Symposium on "Cities and Citizenship: Interrogating Urbanism in Contemporary South Asia"
February 14, 2008
University of California, Berkeley
Sponsored by the Center for South Asia Studies, University of California, Berkeley
Call for Papers:
The history of cities has long favored the West as the center of urbanization, thus casting the cities of the Global South in the rhetoric of delayed development and borrowed modernities. Indeed, the postcolonial condition of South Asian cities has been continually rendered as the shadow of former colonial cities struggling to cope with inefficiencies of the postcolonial state in managing urbanization and more recently with pressures of globalization and transnational forces. In order to move beyond a dialogue which frames the cities of the developing world as derivative of a Euro-Ameri-centric core we propose an interrogation of South Asian cities through the theoretical lens of citizenship.

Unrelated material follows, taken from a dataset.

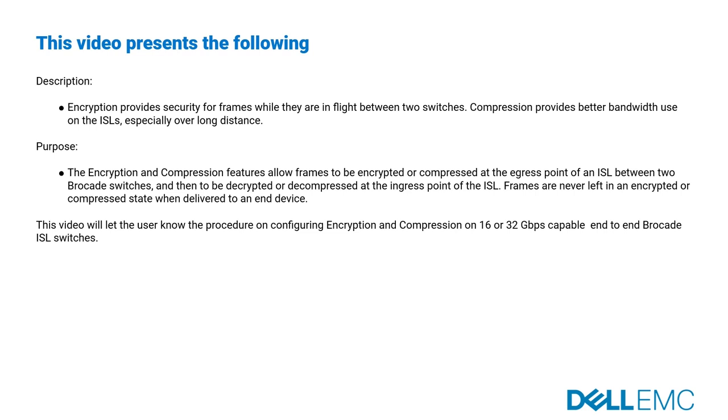This video will provide the procedure on configuring encryption and compression on 16 or 32 Gbps capable, end-to-end Brocade ISL switches.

The evolving definition of citizenship—originally a product of the urban enclave (as in the medieval bastide or the polis) to a right defined by a larger national political community—is being recalibrated once again as cities around the world become the salient units of economic and political change. The notion of republican citizenship, as premised on an idea of universal liberalism, has most strenuously been challenged in the urban sphere, be it through the ghettoization of minorities or the growing enclaves of the wealthy. At the same time, diverse initiatives and grassroots mobilizations have emerged to counter old and new urban inequalities and spatial exclusions. Although the re-scripting of urban space in cities across the world is thus producing new notions of citizenship, both restrictive and expansive, the modalities through which these are produced remain contingent upon historical and geographical specificities.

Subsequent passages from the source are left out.